La vejez, entonces, se deja ver como tiempo de gracia, que hay que vivir en la oración, en el servicio, en la ternura, en la memoria custodiada y transmitida: una bendición para las generaciones por venir. Esto hace de la fragilidad un lugar teológico, [4] según las palabras de San Pablo: «Lo que es una necedad para el mundo, Dios lo ha elegido para confundir a los sabios; lo que es débil para el mundo, Dios lo ha elegido para confundir a los fuertes […] porque, como está escrito, quién se enorgullece, que se enorgullezca en el Señor» ( 1 Cor 1, 27.31).
La sociedad en la cual vivimos está dominada por la lógica del desempeño y la competencia, para la cual la fuerza es concebida como exhibición de poder y tiende a degenerar en el abuso. Lo vemos en los escenarios internacionales, en donde, trágicamente, la guerra ha vuelto a ser un instrumento estratégico difundido. [5] Pero nos damos cuenta de ello también observando los pliegues ordinarios de la vida, en la forma en la cual nos relacionamos unos con otros. Cada vez más, de hecho, en la vida cotidiana, se encuentran signos de una mentalidad que confunde la fuerza con la prepotencia y la mansedumbre con la debilidad.
Ante estas actitudes, la Iglesia sigue proponiendo el mensaje evangélico: el que dice bienaventurados los mansos y los humildes de corazón (cf. Mt 5, 5; 11, 29), y que promueve una paz desarmada y que desarma, [6] reconociendo en Dios al padre de todos y en los demás no a enemigos, sino a hermanos. Los miembros ancianos de nuestras comunidades son, por experiencia y sabiduría de vida, los primeros y más autorizados testigos de esta visión cristiana del hombre.
Me hago entonces portador de los mejores deseos de Su Santidad, para que su trabajo pueda contribuir en la promoción, frente a las personas ancianas y el tiempo bendito de la vejez, de renovadas actitudes de respeto, gratitud y estima, y despertar en quienes están adelante en los años, la responsabilidad de transmitir a las generaciones futuras sanos y sólidos valores.
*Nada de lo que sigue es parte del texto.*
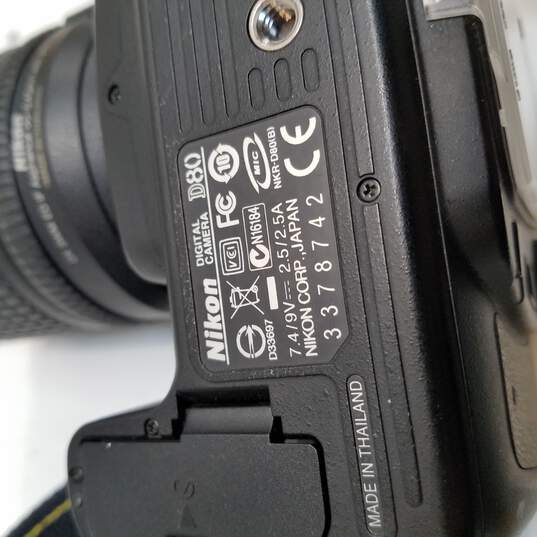 analoog Avondeten verfrommeld Buy the Nikon D80 10.2MP Digital SLR Camera with 18-135mm Lens |  GoodwillFinds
Invocando la maternal intercesión de la Virgen María, él imparte de corazón a usted, a los colaboradores y a todos los participantes en el evento, la Bendición Apostólica.
Deseando, por mi parte, el buen resultado de esta iniciativa, aprovechó la circunstancia para confirmarme con sentimientos de distinguido aprecio.
Desde el Vaticano, 5 de junio 2026
De S.E.R. devoto en el Señor
Pietro Card. Parolin
Secretario de Estado
[1] cf. Dicasterio para la Doctrina de la Fe, Decl. Dignitas infinita, 2 abril 2024, 1.
[2] León XIV, Homilía en la Santa Misa para el Jubileo de los jóvenes, Tor Vergata, 3 agosto 2025.
[3] cf. Francisco, Audiencia General, 1° junio 2022.
[4] cf. Francisco, Discurso a los Sacerdotes del Internado San Luis de los Franceses, 7 junio 2021.
[5] cf. León XIV, Discurso al cuerpo diplomático acreditado ante la Santa Sede, 9 enero 2026.
[6] cf. León XIV, Mensaje para la LIX Jornada Mundial de la Paz, 1° enero 2026.